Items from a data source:

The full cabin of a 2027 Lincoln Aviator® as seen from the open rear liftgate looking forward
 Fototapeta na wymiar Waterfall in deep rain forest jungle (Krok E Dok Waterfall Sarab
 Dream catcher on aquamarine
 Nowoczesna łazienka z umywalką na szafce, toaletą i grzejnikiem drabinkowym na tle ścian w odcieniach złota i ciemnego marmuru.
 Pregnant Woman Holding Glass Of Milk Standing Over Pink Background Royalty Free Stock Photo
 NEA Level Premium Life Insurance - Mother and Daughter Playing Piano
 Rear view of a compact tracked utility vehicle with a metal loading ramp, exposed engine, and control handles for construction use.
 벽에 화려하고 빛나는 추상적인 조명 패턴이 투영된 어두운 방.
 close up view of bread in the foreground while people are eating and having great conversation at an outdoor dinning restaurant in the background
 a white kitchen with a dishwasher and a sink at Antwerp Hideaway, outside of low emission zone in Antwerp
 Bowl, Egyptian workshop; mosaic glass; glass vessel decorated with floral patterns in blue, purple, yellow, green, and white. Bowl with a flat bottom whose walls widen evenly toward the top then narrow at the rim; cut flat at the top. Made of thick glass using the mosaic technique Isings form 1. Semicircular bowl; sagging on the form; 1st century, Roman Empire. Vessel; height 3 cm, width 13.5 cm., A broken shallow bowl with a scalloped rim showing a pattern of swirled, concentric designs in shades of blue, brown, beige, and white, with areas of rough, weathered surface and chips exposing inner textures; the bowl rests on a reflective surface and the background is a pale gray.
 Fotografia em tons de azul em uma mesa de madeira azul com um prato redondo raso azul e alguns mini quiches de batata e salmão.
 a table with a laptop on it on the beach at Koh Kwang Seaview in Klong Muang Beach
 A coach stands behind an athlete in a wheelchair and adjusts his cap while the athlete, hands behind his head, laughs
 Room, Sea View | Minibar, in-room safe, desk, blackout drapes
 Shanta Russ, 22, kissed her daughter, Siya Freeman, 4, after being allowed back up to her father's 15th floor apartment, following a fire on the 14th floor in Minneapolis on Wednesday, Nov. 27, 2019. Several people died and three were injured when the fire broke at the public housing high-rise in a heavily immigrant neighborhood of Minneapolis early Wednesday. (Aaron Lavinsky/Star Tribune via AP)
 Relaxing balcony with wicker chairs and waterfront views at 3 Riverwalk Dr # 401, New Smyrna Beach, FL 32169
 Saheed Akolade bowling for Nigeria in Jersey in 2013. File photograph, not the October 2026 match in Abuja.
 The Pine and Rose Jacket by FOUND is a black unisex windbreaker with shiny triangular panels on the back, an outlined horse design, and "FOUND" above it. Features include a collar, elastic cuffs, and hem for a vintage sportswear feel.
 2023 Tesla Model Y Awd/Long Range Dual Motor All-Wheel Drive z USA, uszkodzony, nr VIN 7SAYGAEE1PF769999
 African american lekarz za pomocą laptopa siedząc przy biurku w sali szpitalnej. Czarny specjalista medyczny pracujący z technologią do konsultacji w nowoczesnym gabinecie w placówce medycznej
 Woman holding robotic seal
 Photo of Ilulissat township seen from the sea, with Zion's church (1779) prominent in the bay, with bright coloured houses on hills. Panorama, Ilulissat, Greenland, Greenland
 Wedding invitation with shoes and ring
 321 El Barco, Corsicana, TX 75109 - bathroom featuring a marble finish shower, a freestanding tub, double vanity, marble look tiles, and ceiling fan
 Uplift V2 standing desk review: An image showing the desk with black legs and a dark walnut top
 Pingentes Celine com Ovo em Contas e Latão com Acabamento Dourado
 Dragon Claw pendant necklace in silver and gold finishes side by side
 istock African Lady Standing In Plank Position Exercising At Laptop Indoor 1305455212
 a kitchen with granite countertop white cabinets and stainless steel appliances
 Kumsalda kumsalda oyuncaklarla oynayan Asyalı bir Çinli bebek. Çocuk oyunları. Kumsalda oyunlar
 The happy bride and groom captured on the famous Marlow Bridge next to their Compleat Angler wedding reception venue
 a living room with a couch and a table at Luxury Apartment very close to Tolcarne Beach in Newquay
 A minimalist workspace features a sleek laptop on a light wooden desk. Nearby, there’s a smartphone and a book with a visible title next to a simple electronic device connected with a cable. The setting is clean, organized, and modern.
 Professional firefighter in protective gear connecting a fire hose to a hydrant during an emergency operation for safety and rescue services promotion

TO DO – Repeat each entry above exactly as it appears.

SOLUTION TO THIS PROBLEM –
The full cabin of a 2027 Lincoln Aviator® as seen from the open rear liftgate looking forward
 Fototapeta na wymiar Waterfall in deep rain forest jungle (Krok E Dok Waterfall Sarab
 Dream catcher on aquamarine
 Nowoczesna łazienka z umywalką na szafce, toaletą i grzejnikiem drabinkowym na tle ścian w odcieniach złota i ciemnego marmuru.
 Pregnant Woman Holding Glass Of Milk Standing Over Pink Background Royalty Free Stock Photo
 NEA Level Premium Life Insurance - Mother and Daughter Playing Piano
 Rear view of a compact tracked utility vehicle with a metal loading ramp, exposed engine, and control handles for construction use.
 벽에 화려하고 빛나는 추상적인 조명 패턴이 투영된 어두운 방.
 close up view of bread in the foreground while people are eating and having great conversation at an outdoor dinning restaurant in the background
 a white kitchen with a dishwasher and a sink at Antwerp Hideaway, outside of low emission zone in Antwerp
 Bowl, Egyptian workshop; mosaic glass; glass vessel decorated with floral patterns in blue, purple, yellow, green, and white. Bowl with a flat bottom whose walls widen evenly toward the top then narrow at the rim; cut flat at the top. Made of thick glass using the mosaic technique Isings form 1. Semicircular bowl; sagging on the form; 1st century, Roman Empire. Vessel; height 3 cm, width 13.5 cm., A broken shallow bowl with a scalloped rim showing a pattern of swirled, concentric designs in shades of blue, brown, beige, and white, with areas of rough, weathered surface and chips exposing inner textures; the bowl rests on a reflective surface and the background is a pale gray.
 Fotografia em tons de azul em uma mesa de madeira azul com um prato redondo raso azul e alguns mini quiches de batata e salmão.
 a table with a laptop on it on the beach at Koh Kwang Seaview in Klong Muang Beach
 A coach stands behind an athlete in a wheelchair and adjusts his cap while the athlete, hands behind his head, laughs
 Room, Sea View | Minibar, in-room safe, desk, blackout drapes
 Shanta Russ, 22, kissed her daughter, Siya Freeman, 4, after being allowed back up to her father's 15th floor apartment, following a fire on the 14th floor in Minneapolis on Wednesday, Nov. 27, 2019. Several people died and three were injured when the fire broke at the public housing high-rise in a heavily immigrant neighborhood of Minneapolis early Wednesday. (Aaron Lavinsky/Star Tribune via AP)
 Relaxing balcony with wicker chairs and waterfront views at 3 Riverwalk Dr # 401, New Smyrna Beach, FL 32169
 Saheed Akolade bowling for Nigeria in Jersey in 2013. File photograph, not the October 2026 match in Abuja.
 The Pine and Rose Jacket by FOUND is a black unisex windbreaker with shiny triangular panels on the back, an outlined horse design, and "FOUND" above it. Features include a collar, elastic cuffs, and hem for a vintage sportswear feel.
 2023 Tesla Model Y Awd/Long Range Dual Motor All-Wheel Drive z USA, uszkodzony, nr VIN 7SAYGAEE1PF769999
 African american lekarz za pomocą laptopa siedząc przy biurku w sali szpitalnej. Czarny specjalista medyczny pracujący z technologią do konsultacji w nowoczesnym gabinecie w placówce medycznej
 Woman holding robotic seal
 Photo of Ilulissat township seen from the sea, with Zion's church (1779) prominent in the bay, with bright coloured houses on hills. Panorama, Ilulissat, Greenland, Greenland
 Wedding invitation with shoes and ring
 321 El Barco, Corsicana, TX 75109 - bathroom featuring a marble finish shower, a freestanding tub, double vanity, marble look tiles, and ceiling fan
 Uplift V2 standing desk review: An image showing the desk with black legs and a dark walnut top
 Pingentes Celine com Ovo em Contas e Latão com Acabamento Dourado
 Dragon Claw pendant necklace in silver and gold finishes side by side
 istock African Lady Standing In Plank Position Exercising At Laptop Indoor 1305455212
 a kitchen with granite countertop white cabinets and stainless steel appliances
 Kumsalda kumsalda oyuncaklarla oynayan Asyalı bir Çinli bebek. Çocuk oyunları. Kumsalda oyunlar
 The happy bride and groom captured on the famous Marlow Bridge next to their Compleat Angler wedding reception venue
 a living room with a couch and a table at Luxury Apartment very close to Tolcarne Beach in Newquay
 A minimalist workspace features a sleek laptop on a light wooden desk. Nearby, there’s a smartphone and a book with a visible title next to a simple electronic device connected with a cable. The setting is clean, organized, and modern.
 Professional firefighter in protective gear connecting a fire hose to a hydrant during an emergency operation for safety and rescue services promotion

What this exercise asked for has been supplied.